> _ACTION ITEM_
The output should be every line below, retyped exactly, with no images.

---------- INFORMATION SUPPLIED ----------

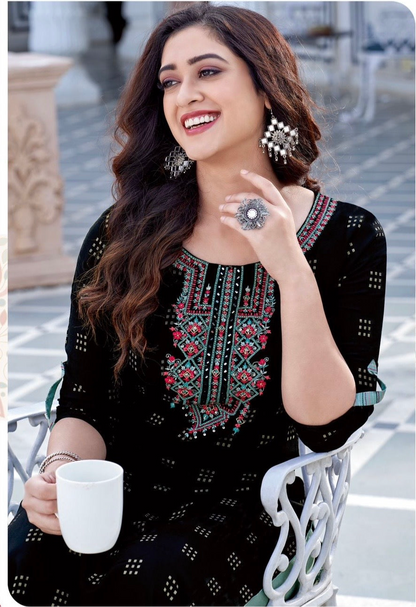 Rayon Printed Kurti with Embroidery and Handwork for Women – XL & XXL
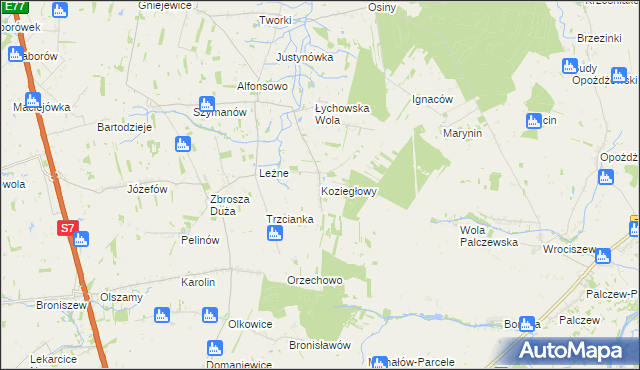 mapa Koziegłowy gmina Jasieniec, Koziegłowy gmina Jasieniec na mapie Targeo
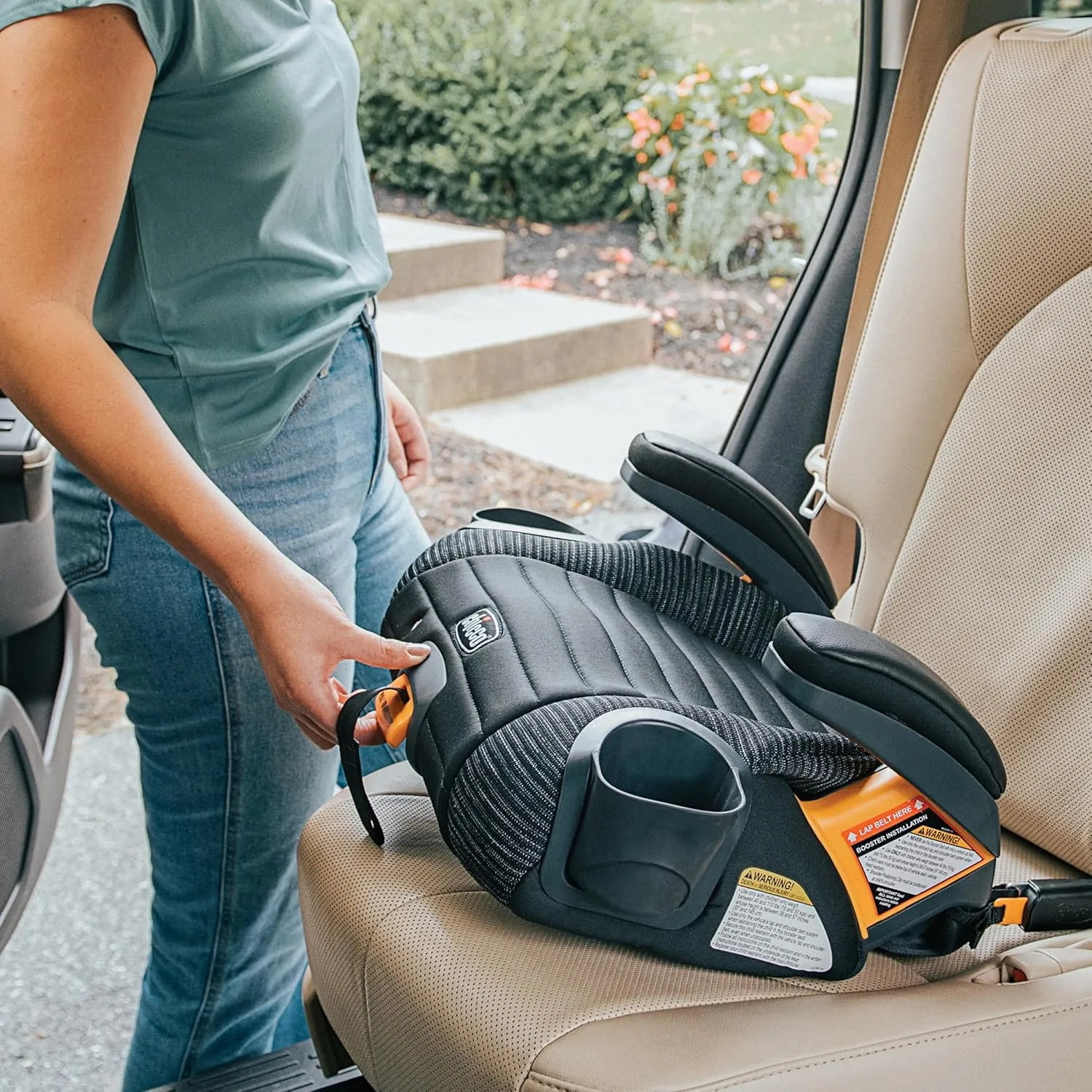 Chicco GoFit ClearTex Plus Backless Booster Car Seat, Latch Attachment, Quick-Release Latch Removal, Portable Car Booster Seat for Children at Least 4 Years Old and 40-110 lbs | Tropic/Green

----------

> _SOLUTION_
 Rayon Printed Kurti with Embroidery and Handwork for Women – XL & XXL
 mapa Koziegłowy gmina Jasieniec, Koziegłowy gmina Jasieniec na mapie Targeo
 Chicco GoFit ClearTex Plus Backless Booster Car Seat, Latch Attachment, Quick-Release Latch Removal, Portable Car Booster Seat for Children at Least 4 Years Old and 40-110 lbs | Tropic/Green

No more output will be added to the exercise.